Have you heard of Kongnamul bap? It’s not a common dish but it is a game changer if you have access to bean sprouts. My Korean husband was amazed that he had never tried this dish before and absolutely loved it. Plus it’s super easy and very adaptable to pantry cooking and vegetarian cooking.
Kongnamul bap (콩나물밥) is basically rice cooked with kongnamul (bean sprouts) mixed with an easy sauce. Simply add bean sprouts to your rice, and cook the rice the same way as you normally do. The rice will soak up the nutty flavor of the bean sprouts as it cooks.
IMPORTANT: Use less water than usual to make rice because the bean sprouts will release a lot of water.
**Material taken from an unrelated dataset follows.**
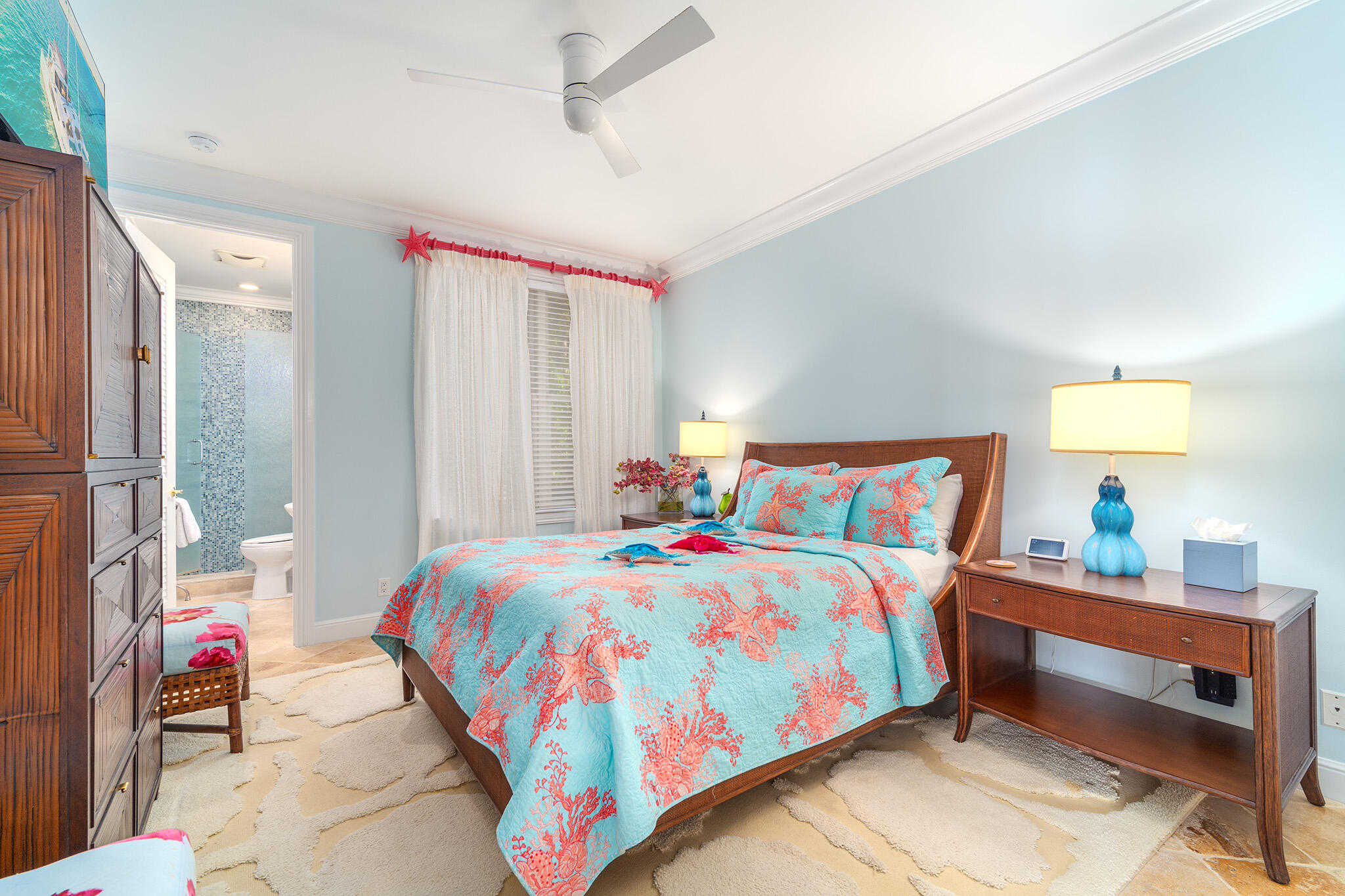 Key West, Florida 33040, United States, 4 Bedrooms Bedrooms, ,4 BathroomsBathrooms,Residential,Active,247253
If you don’t have access to fresh kongnamul, try growing some at home. Kongnamul is a low calorie, nutrient rich food that is especially high in Vitamin C, Vitamin, K, and folate. Even better, it takes just 6 days for your kongnamul to be ready to eat! Here’s a link to purchase seeds if you’d like to give it a try: Sprouting Mung Bean Seeds. Wherever you purchase, be sure to check out the customer reviews to make sure you’re purchasing high quality seeds.
Check out the video below to see just how easy it is to grow your own kongnamul:
After cooking the bean sprouts and rice, we usually add bulgogi and/or boiled tofu to the dish before adding the sauce (yangnyumjang) for a more substantial meal.
Below is a beautiful recipe by Hyosun Ro, author of the blog Korean Bapsang. She adds kimchi to her kongnamul bap which you can skip if you want a less spicy version. The soy sauce mix is absolutely key in this dish and Hyosun’s recipe nails it.
Try it for yourself and I promise you will make this a part of your regular rotation!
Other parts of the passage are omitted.